Retailers ask "receipt in the bag or via email?"

Apple may have been doing it for years, but an increasing number of forward-thinking and environmentally-aware retailers are beginning to making the move away from the scrappy bits of paper that accumulate in wallets and in the bottom of handbags in favor of electronic receipts sent straight to a customer's email account.

by Helen Leggatt

The days of sifting through wads of tatty receipts come expense claim day or wallets overflowing with thermal paper may soon be over as an increasing number of retailers begin offering electronic receipts sent direct to a customer's email.

Earlier this year the Boston Herald cited Colin Johnson, a Nordstrom spokesperson, as saying 60% of retailers will offer some form of electronic receipt option, either by text or email, in the next five years.

Not only are electronic receipts convenient, they are a green option. According to paperless receipt firm AllEtronic 600,000 tons of thermal receipt paper is used by stores in the US each year. Fifteen trees, 19,000 gallons of water, and 390 gallons of oil go in to just one ton of paper.

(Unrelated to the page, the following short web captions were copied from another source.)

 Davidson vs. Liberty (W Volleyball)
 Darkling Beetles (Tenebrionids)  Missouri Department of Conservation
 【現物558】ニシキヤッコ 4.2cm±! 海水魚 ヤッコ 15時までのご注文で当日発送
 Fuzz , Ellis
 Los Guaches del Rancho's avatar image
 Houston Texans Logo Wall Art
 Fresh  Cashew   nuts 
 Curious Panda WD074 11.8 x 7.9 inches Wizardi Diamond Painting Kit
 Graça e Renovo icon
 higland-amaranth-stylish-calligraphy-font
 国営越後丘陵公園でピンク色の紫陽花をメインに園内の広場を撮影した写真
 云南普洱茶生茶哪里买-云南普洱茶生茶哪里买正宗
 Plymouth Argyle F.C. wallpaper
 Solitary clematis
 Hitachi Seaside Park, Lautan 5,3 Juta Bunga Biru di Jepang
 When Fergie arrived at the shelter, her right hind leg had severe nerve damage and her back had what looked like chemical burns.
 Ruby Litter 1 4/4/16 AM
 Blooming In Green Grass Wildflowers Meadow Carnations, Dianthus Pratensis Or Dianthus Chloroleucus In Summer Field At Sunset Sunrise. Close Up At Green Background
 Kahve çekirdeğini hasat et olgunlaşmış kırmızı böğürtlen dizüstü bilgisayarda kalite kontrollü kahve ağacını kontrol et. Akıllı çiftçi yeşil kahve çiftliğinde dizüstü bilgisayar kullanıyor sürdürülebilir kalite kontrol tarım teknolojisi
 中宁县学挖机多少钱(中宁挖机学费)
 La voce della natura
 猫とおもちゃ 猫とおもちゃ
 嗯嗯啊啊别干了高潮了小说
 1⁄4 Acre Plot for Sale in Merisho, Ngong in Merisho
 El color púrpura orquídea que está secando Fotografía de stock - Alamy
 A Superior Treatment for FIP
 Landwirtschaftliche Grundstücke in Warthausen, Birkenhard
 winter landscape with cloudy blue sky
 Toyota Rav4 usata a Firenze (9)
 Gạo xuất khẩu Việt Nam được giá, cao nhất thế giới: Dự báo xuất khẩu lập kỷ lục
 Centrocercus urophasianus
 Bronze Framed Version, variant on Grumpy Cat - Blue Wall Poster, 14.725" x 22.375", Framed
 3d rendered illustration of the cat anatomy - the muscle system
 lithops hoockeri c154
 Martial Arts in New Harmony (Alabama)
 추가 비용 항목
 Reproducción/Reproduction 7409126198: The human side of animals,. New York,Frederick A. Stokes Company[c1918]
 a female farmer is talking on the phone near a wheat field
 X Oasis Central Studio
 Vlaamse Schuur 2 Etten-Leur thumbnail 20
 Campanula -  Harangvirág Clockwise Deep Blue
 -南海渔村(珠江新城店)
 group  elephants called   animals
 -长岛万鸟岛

Furthermore, there could be health benefits to doing away with receipts printed on thermal paper. This type of paper is coated with a chemical called Bisphenol-A (BPA), a proven endocrine disruptor, which because it is not "bound" to the surface of the paper can be transferred to the skin and absorbed into the body causing a variety of health problems. Just last month Connecticut became the first State to ban the use of this chemical on thermal receipts.

While electronic receipts are the obvious way forward, in terms of their planet-saving benefits and customer convenience, there will be many who view them with suspicion - another way for retailers to extract personal information. However, responsible retailers will give their customers control over if, and how, email address data is used.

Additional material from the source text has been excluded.